Dietro la mancata creazione della sezione II bis “contro la libertà sessuale” sta la convinzione che attraverso esso non sarebbe passato quel messaggio forte che la legge voleva trasmettere. Quindi la classificazione è stata tecnicamente errata, ma simbolicamente meno debole. Marca ancor di più il distacco con il passato e quindi con una visione anacronistica dei reati a sfondo sessuale. Il riferimento alla libertà personale marca maggiormente la sfera dell’individualità. In seguito alla riforma, la tutela penale in materia sessuale si fonda su due tipologie diverse di norme: concernenti la violenza sessuale vera e propria, e concernenti la tutela del minore da aggressioni alla sua sfera sessuale.
L’impressione è che una volta che il legislatore si sia sbarazzato del concetto di libertà sessuale, lo possa fare anche l’interprete.
Per quanto riguarda la tutela penale delle persone maggiorenni, si era discusso sull’ipotesi di rendere centrale il requisito della mancanza di consenso.
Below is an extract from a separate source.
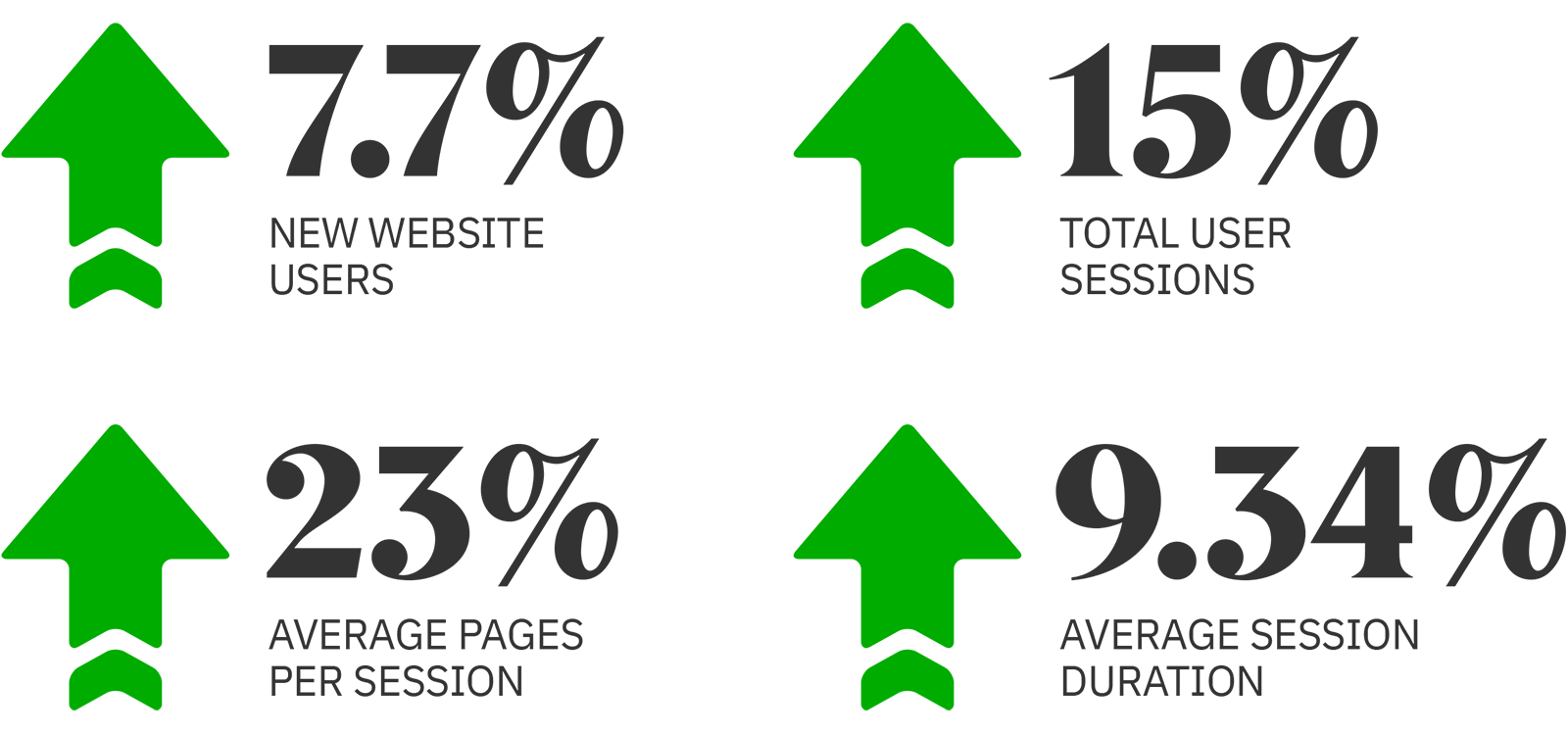 InvestorPlace Site Improvements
Ma nell’attuale riforma, il fatto tipico è ancora incentrato sulla costrizione attraverso la violenza o minaccia. Solo in parte e solo limitatamente le attuali norme tutelano la libertà sessuale.
Per quanto riguarda le persone minorenni, sono previsti gli artt. 609 quater e quinquies. Viene loro chiaramente negata la libertà di piena esplicazione della sessualità , escludendosi il consenso. Non vi è quindi un profilo di libertà tutelabile.
Per quanto riguarda il concetto di libertà sessuale, esso è stato menzionato, forse a sproposito, nel codice Rocco, viene accantonato dal legislatore del 96, quando ormai sembrava potesse fungere da referente della tutela.